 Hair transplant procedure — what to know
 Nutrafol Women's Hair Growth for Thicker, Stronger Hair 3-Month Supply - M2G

--

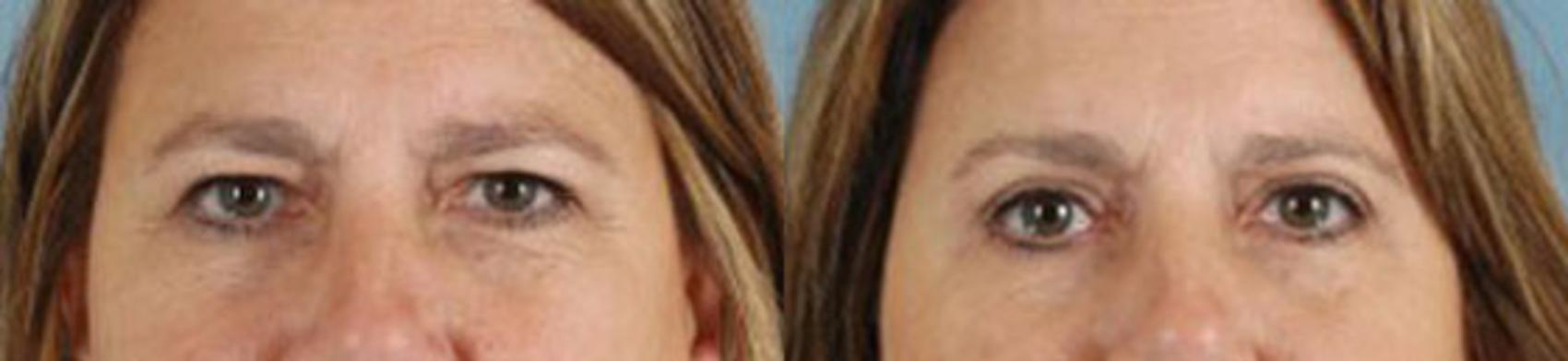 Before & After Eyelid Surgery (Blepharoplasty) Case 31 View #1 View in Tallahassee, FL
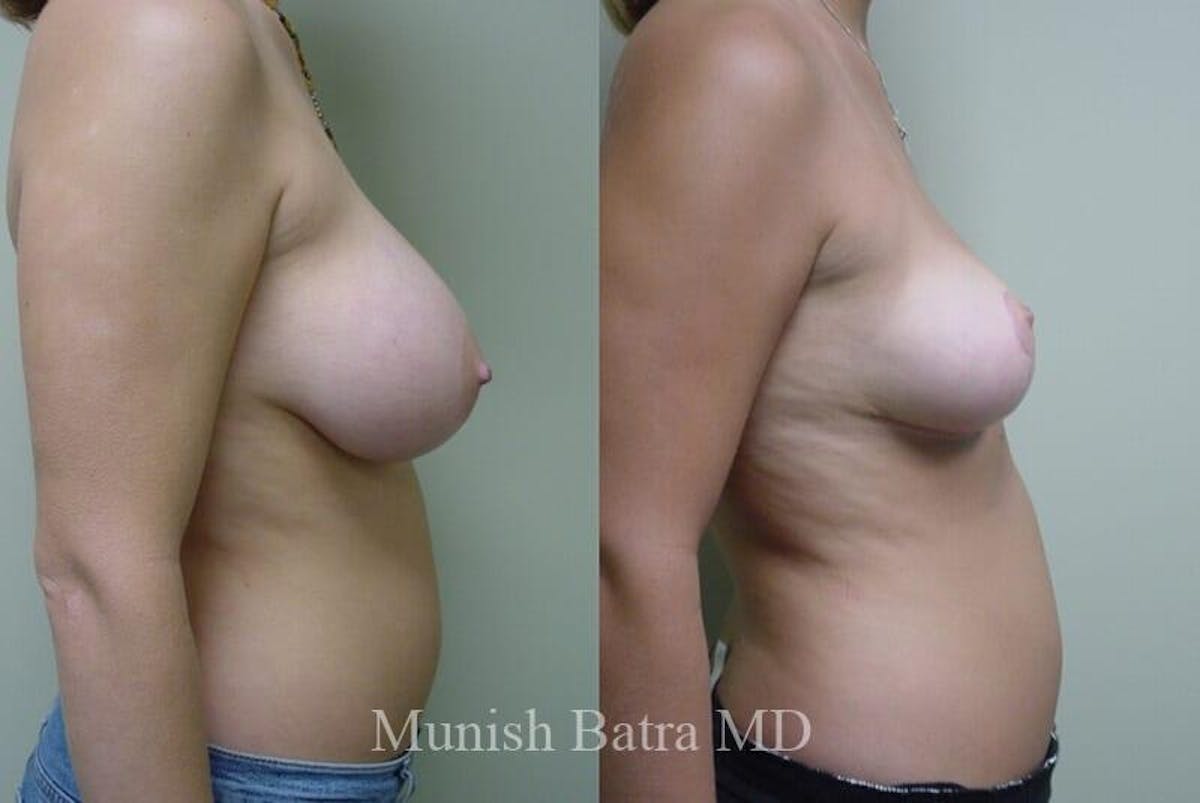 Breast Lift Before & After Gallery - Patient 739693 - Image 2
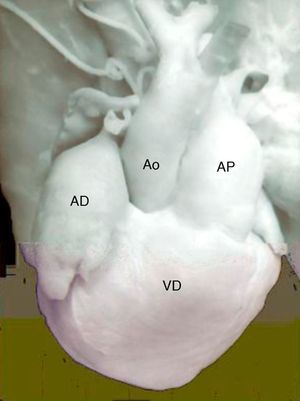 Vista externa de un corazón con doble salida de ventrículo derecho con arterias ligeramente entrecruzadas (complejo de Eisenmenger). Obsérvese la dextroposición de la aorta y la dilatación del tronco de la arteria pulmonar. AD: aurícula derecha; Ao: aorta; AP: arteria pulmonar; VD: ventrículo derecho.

#### WHAT TO PRODUCE
Above are the records; from them, give again exactly the lines from the one containing "Hair transplant procedure — what to know" to the one containing "Nutrafol Women's Hair", both lines included, and nothing more.

#### OUTPUT OF THE TASK
 Hair transplant procedure — what to know
 Nutrafol Women's Hair Growth for Thicker, Stronger Hair 3-Month Supply - M2G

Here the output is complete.